Is Netflix a Poor Investment to Make?
Netflix (NASDAQ:NFLX) has been relatively strong this year, with shares rising more than 14 percent. This is despite the fact that the market has generally been punishing growth stocks, many of which have fallen despite the fact that the stock market is up slightly for the year. In particular, Netflix shares have been especially strong since bottoming out in April — the stock has gained over 30 percent since then.
Investors have several good reasons to bid up shares of Netflix. First, the company is growing its sales, and it is growing its profits even more. One of the problems that a lot of growth companies have had this year is that while their sales continued growing, their profits declined, or at the very least they failed to grow at an acceptable rate from the perspective of a growth investor. These companies have had trouble growing their margins due to commodification of the products they sell or rising input costs. This has hit growth companies like Whole Foods (NYSE:WFM) and Panera Bread (NASDAQ:PNRA) hard.

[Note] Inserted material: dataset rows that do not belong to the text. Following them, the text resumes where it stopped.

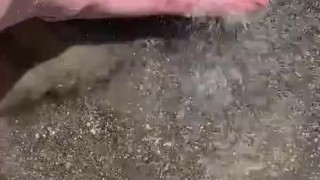 Miniatura de Cleaning my muddy feet with hose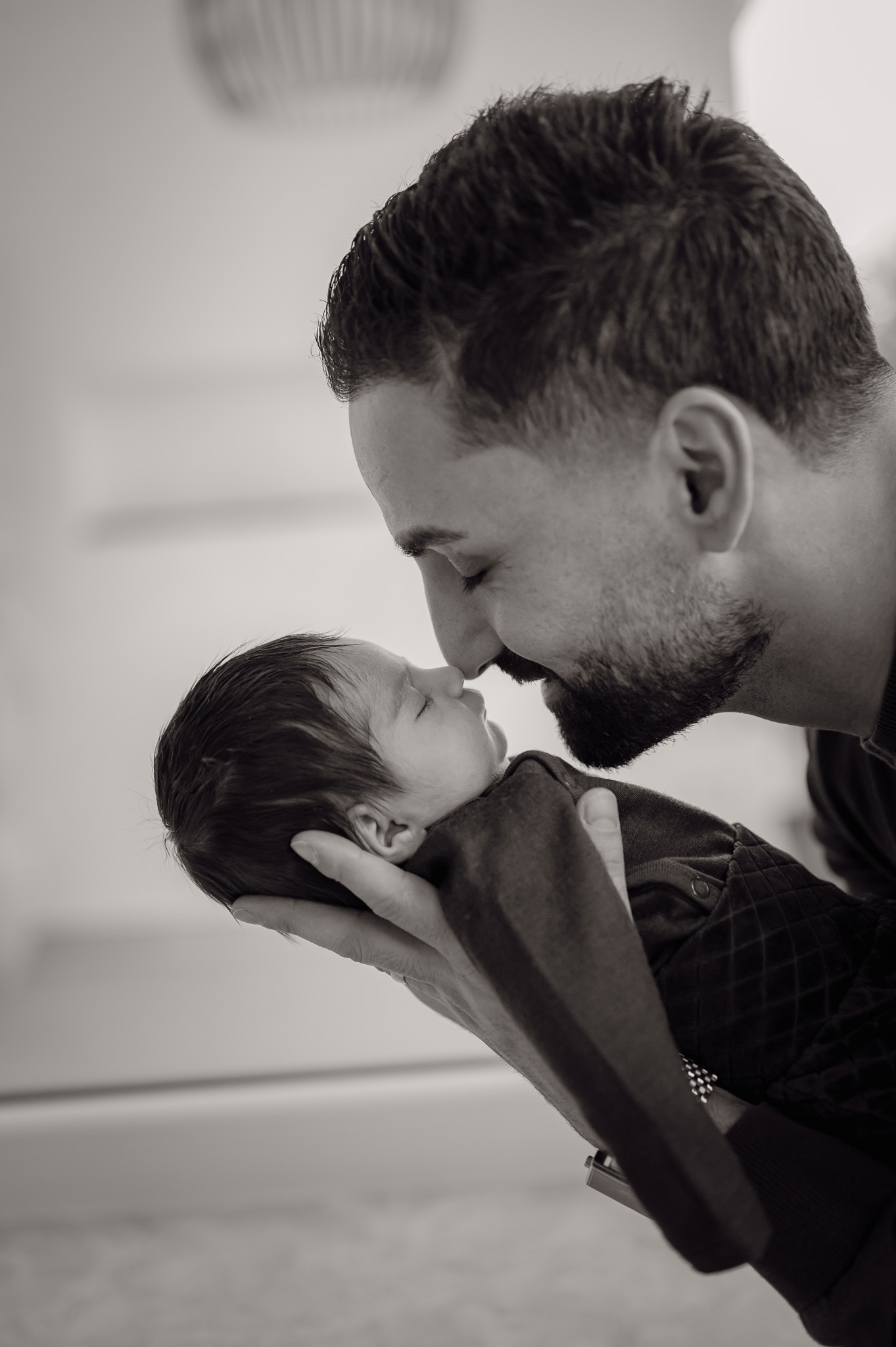 Babyfoto Der Papa lacht sein Baby ins Gesicht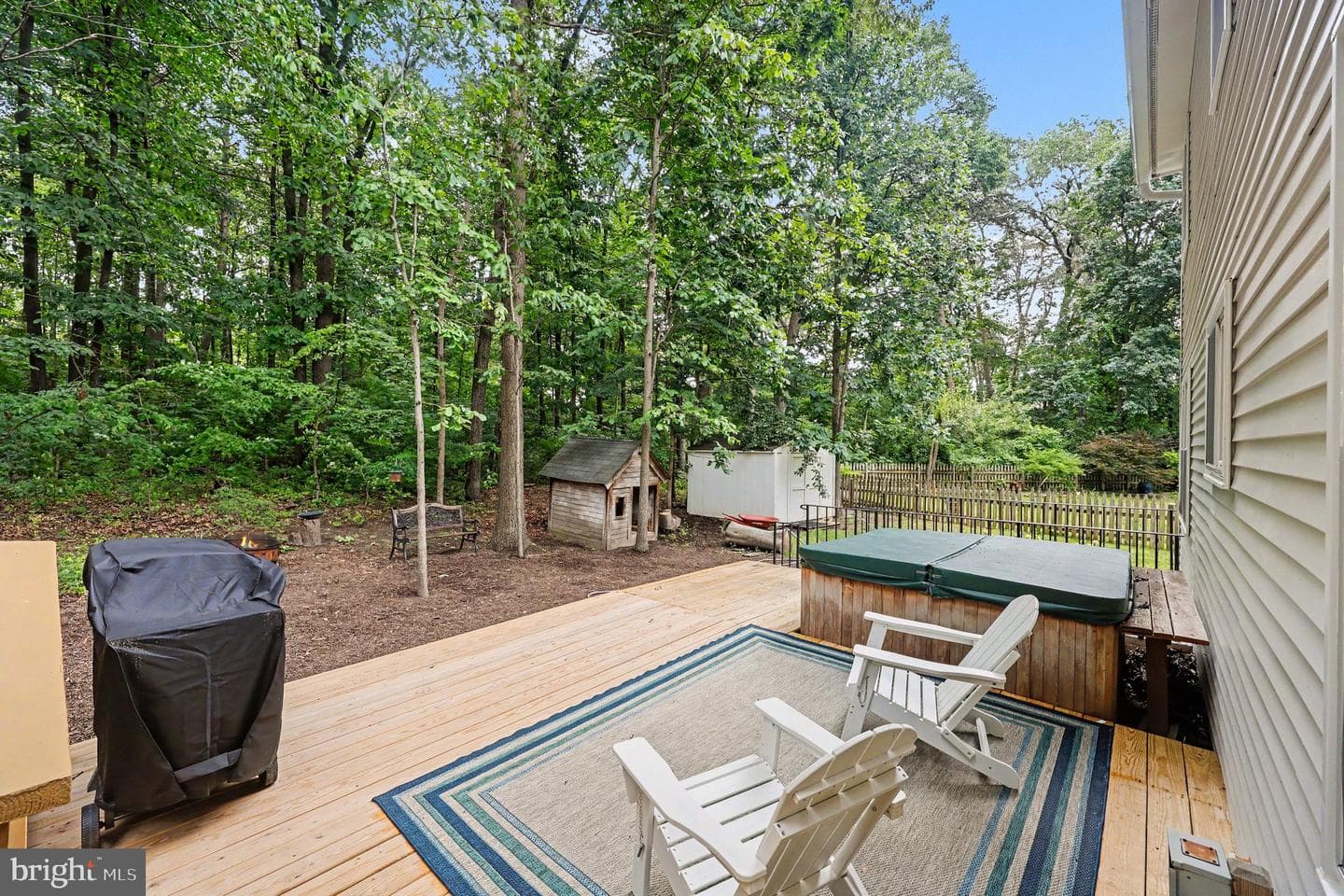 13704 Shelburne Street photo 12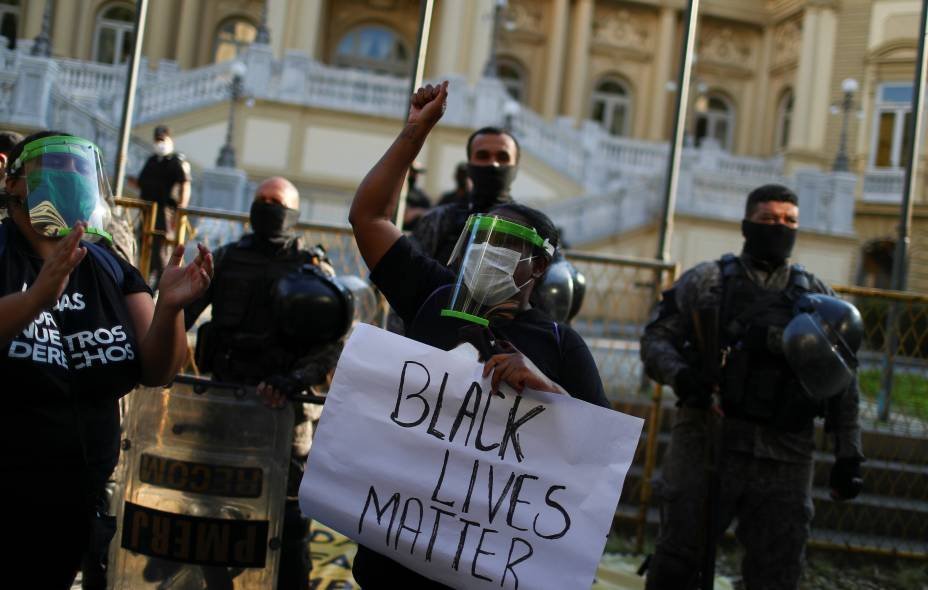 Pessoas protestam contra a violência policial durante operações em favelas contra gangues de drogas e racismo no Brasil, em frente ao Palácio da Guanabara, no Rio de Janeiro, Brasil, 31 de maio de 2020.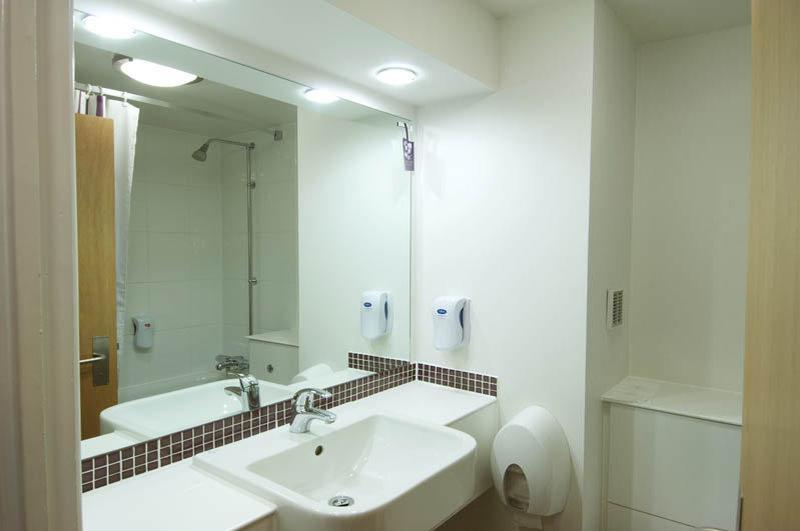 Plaza Chorley; Sure Hotel Collection By Best Western ชอร์เลย์ ภายนอก รูปภาพ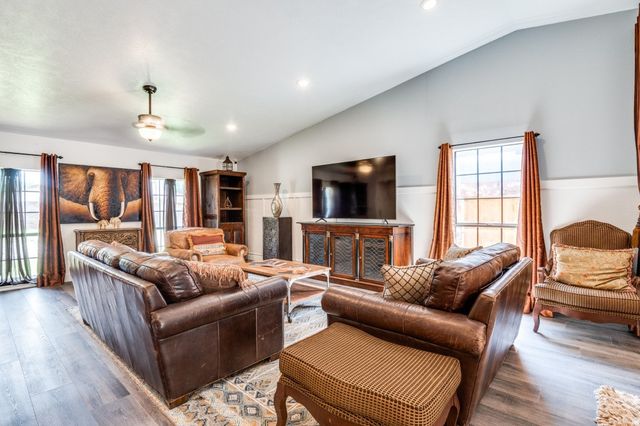 2813 Woodlark Drive, Fort Worth, TX 76123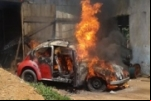 ARIQUEMES: Fusca pega fogo na Av. Jaru, St. 03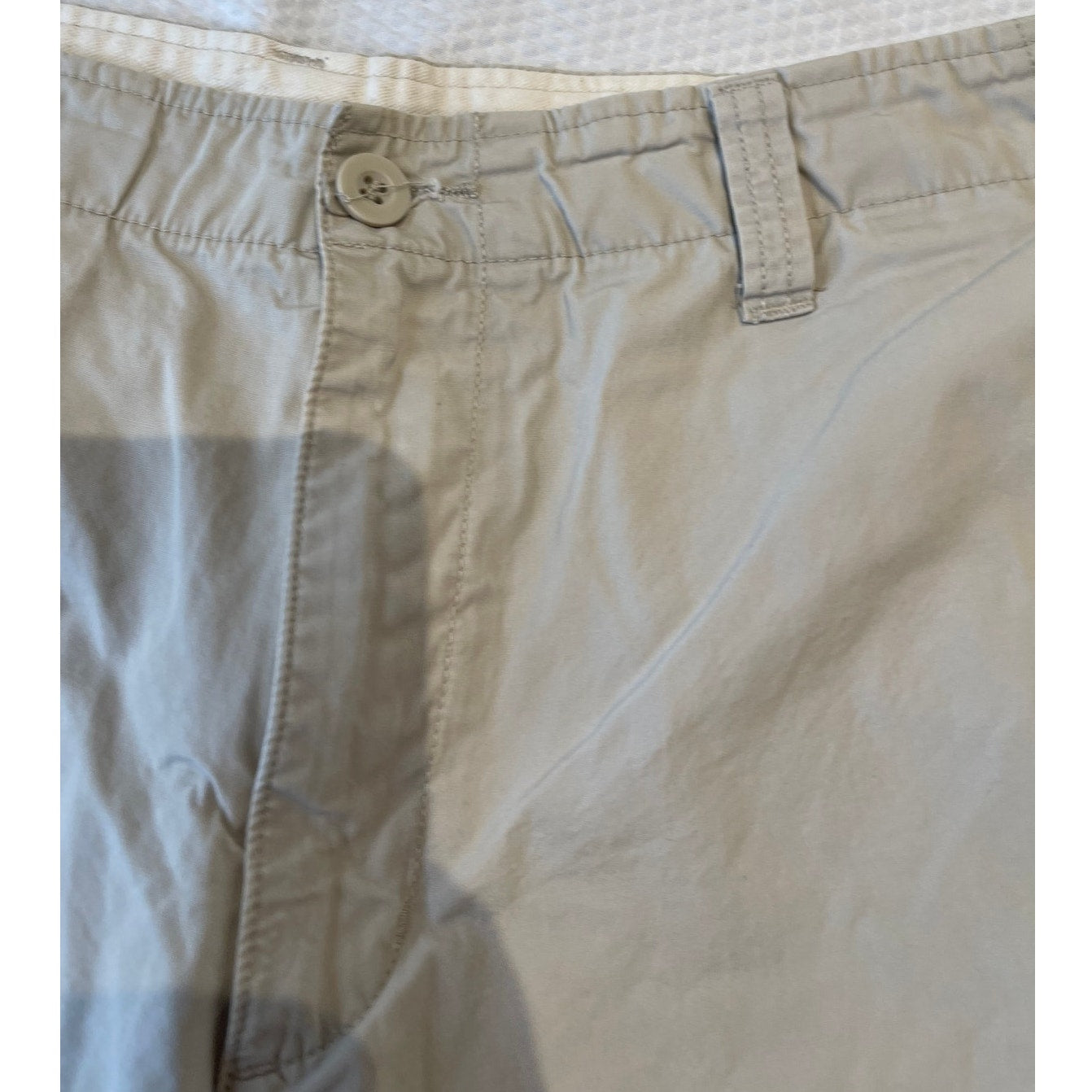 Dockers - 100% Cotton - Off White / Light Khaki - Golf Shorts - Men's Size 32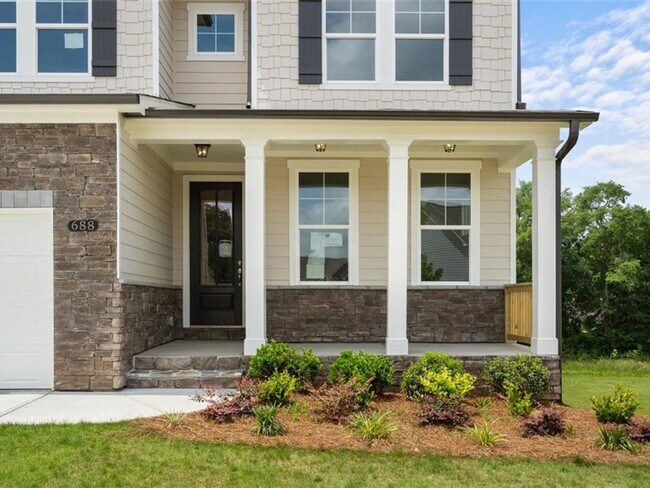 688 Grand Wehunt Dr, Hoschton, GA 30548 - photo 2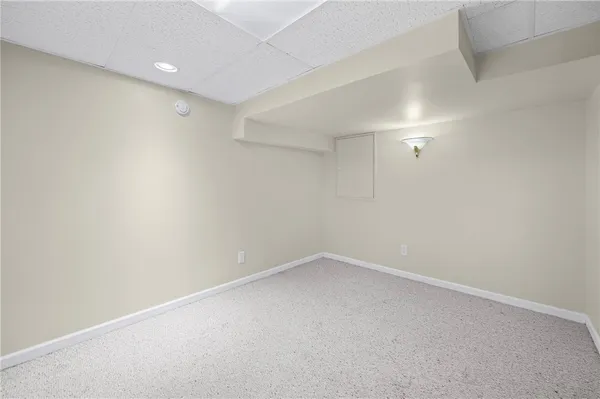 $2,700 | 49 Bucklebury Hill, Perinton, NY 14450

Netflix has bucked this trend because its product cannot easily be replicated: that is, it is difficult for a new company to enter the market and offer content streaming to the extent that Netflix can. The company has reported profit growth that far outweighs its sales growth, with net profit margins growing from 2.6 percent to 4.2 percent year over year in the most recent quarter. This coupled with double-digit sales growth means that the company’s profits are soaring.
Not only are the company’s profits soaring, but it has a “subscription” business model, meaning that each of its customers pays for its streaming services regularly. Given that Netflix offers modest pricing, it is unlikely that subscribers will cancel their plans even if they are facing tight budgets. This not only improves growth but means that the company’s revenue is more reliable and therefore more valuable for long-term investors.
With all of these positives, why do I think investors should sell Netflix? It’s pretty simple: The valuation is extremely high. As great as the company is, it trades at over 150 times trailing earnings and at nearly 60 times 2015 earnings estimates. What this means is that investors are assuming that the incredible growth we are seeing today carries into the future.
Maybe it will, although in a minute I will explain why I don’t think this is the case. The problem is that even if the company can continue to grow at this astronomical rate the stock is fairly valued, meaning that in order to justify buying the stock today, you need to assume that the company can grow even faster! While the company is expanding into new markets and while it is expanding into original content, I think this is highly unlikely.
In fact, as I just suggested, I think growth is set to slow, at least modestly. The trouble is that the kind of margin growth that Netflix is showing can only continue up to a point. It is relatively easy to grow margins from 2.6 percent to 4.2 percent. But at this rate, margins reach double-digit levels very quickly. What happens in, say, five years? The company won’t be able to grow its margins as quickly.
With this in mind and with sales growth at about 20 percent, it makes more sense to assume that growth will trend toward this 20 percent level. Furthermore, as the company expands, it won’t be able to grow its sales as quickly. It follows that in a few years Netflix’s growth will be substantially slow unless it can find new markets or find new ways to cut expenses.
These feats are not unobtainable, but they are improbable. Nevertheless, the stock seems to be pricing them in.
With this being the case, Netflix is a poor investment at the current share price. But that doesn’t mean it is a poor investment at any share price. If you agree with the bullish features of the company’s business that I cite above, then wait for weakness. As those who follow the stock know, Netflix shares can be extremely volatile. Take advantage of that volatility to buy on weakness and to sell on strength, and you can make a lot of money. But don’t be suckered in at these nosebleed valuations.
Disclosure: Ben Kramer-Miller has no position in Netflix.